Let’s be honest – we choose our friends but most of our staff have little choice about who they work with. We all remember ex-colleagues who have driven us to distraction for various reasons but what happens if you are faced with a situation in your business where one of your staff refuses to work with a colleague…and what do you do about it?
Working relationships can break down for a variety of reasons including:
- Personality clashes
- Socially unacceptable behaviour
- Finding out that a colleague is HIV positive
- Finding out that a colleague has a sensitive spent criminal conviction
If you are faced with this situation, you will need to observe the following:
1. Take immediate action to prevent escalation – interview all relevant parties and take statements. Arrange an informal meeting to discuss any differences and agree measures to improve the situation with a scheduled review(s).
2. Consider disciplinary action and/or educational awareness – If the allegations are proven to be unreasonable and based on groundless prejudice such as an employee being HIV positive, consider disciplinary action on the grounds of bullying or harassment against the protestors. Of course, this may further inflame the situation and cause disruption to your business, so allaying concerns through educational awareness may calm the situation.

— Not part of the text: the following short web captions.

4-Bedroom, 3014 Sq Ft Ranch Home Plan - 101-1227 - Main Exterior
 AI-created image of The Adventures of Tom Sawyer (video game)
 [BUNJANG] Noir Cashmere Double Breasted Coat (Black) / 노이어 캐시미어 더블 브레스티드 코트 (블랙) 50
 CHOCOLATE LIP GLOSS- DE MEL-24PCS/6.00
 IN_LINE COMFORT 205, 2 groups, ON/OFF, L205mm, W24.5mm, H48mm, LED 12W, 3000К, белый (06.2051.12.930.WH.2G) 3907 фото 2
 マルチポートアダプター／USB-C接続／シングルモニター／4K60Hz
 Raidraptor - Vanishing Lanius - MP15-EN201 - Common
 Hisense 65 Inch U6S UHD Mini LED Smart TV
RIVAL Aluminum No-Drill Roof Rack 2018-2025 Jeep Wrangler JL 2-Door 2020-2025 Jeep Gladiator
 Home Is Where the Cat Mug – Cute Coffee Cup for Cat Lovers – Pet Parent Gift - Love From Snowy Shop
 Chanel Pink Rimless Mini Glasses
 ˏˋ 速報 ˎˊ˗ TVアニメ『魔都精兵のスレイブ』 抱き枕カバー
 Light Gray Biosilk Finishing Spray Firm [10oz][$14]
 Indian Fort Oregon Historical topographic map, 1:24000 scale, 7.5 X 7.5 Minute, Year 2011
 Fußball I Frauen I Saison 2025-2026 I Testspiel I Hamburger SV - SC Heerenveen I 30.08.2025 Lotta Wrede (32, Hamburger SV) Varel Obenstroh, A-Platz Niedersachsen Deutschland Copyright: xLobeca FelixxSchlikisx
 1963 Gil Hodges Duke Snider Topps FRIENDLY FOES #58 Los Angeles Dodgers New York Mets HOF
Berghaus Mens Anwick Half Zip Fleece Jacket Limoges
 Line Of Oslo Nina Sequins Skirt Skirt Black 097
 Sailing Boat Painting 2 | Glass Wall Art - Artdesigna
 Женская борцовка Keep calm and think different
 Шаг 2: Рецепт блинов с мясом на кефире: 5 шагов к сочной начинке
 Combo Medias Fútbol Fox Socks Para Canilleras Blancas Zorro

3. Dismissal should always be a last resort – Pressure from employees to dismiss should always be a last resort, as the threat of industrial action cannot be taken into account when assessing the fairness of a dismissal. A tribunal would closely examine the conduct of the employer and the procedure that it went through in reaching the decision to dismiss. Examining whether the employee could have been given alternative work or relocated to another work location would be scrutinised in addition to the extent that the situation was seriously harming the employer’s business interests, leaving it with no choice but to dismiss for the good of the business.